Post n°225 pubblicato il 14 Aprile 2008 da Kaos_101
 

                        Marta dei colori

Ma la vita dona e la vita toglie. Così una sera d’estate, Marta fu svegliata dal crepitio delle fiamme che stavano divorando la sua casa.
“Il nonno, devo aiutare il nonno!”
Si precipitò nella sua stanza e amorevolmente lo sorresse e lo accompagnò fuori dal rogo.
Il destino volle che proprio, mentre varcava la porta di casa, lo stipite cedesse colpendola violentemente alla nuca e lasciandola priva di sensi riversa sull’aia.

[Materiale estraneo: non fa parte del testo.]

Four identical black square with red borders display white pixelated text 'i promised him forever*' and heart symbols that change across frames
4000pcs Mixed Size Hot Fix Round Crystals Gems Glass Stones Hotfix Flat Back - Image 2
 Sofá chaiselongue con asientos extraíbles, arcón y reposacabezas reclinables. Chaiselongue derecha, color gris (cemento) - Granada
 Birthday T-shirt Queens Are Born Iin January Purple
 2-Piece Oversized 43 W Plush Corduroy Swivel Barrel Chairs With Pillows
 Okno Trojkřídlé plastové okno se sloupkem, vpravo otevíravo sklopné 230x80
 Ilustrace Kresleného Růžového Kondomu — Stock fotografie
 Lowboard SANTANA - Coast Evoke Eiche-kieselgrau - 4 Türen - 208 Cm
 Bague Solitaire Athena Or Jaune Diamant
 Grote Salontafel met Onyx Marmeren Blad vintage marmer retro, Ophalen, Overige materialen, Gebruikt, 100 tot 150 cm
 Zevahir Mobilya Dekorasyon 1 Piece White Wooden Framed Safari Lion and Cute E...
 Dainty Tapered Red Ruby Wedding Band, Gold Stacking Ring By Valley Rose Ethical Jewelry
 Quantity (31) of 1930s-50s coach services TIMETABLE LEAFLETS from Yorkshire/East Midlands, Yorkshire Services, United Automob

Si risvegliò nel buio assoluto, strani rumori e ancor più strani odori attraversavano quell’oscurità e le davano la percezione di un mondo sconosciuto attorno a lei.
Chiamò il nonno senza ricevere risposta urlò  fino a che una voce gentile e una mano delicata la calmarono un poco.
Era in ospedale, il colpo era stato violentissimo e, a detta dei medici, era già sorprendente che lei fosse ancora viva. Però, c’era un però, il suo cervello aveva subito dei danni la cui entità e portata al momento non erano ancora prevedibili.
Marta chiese immediatamente del nonno.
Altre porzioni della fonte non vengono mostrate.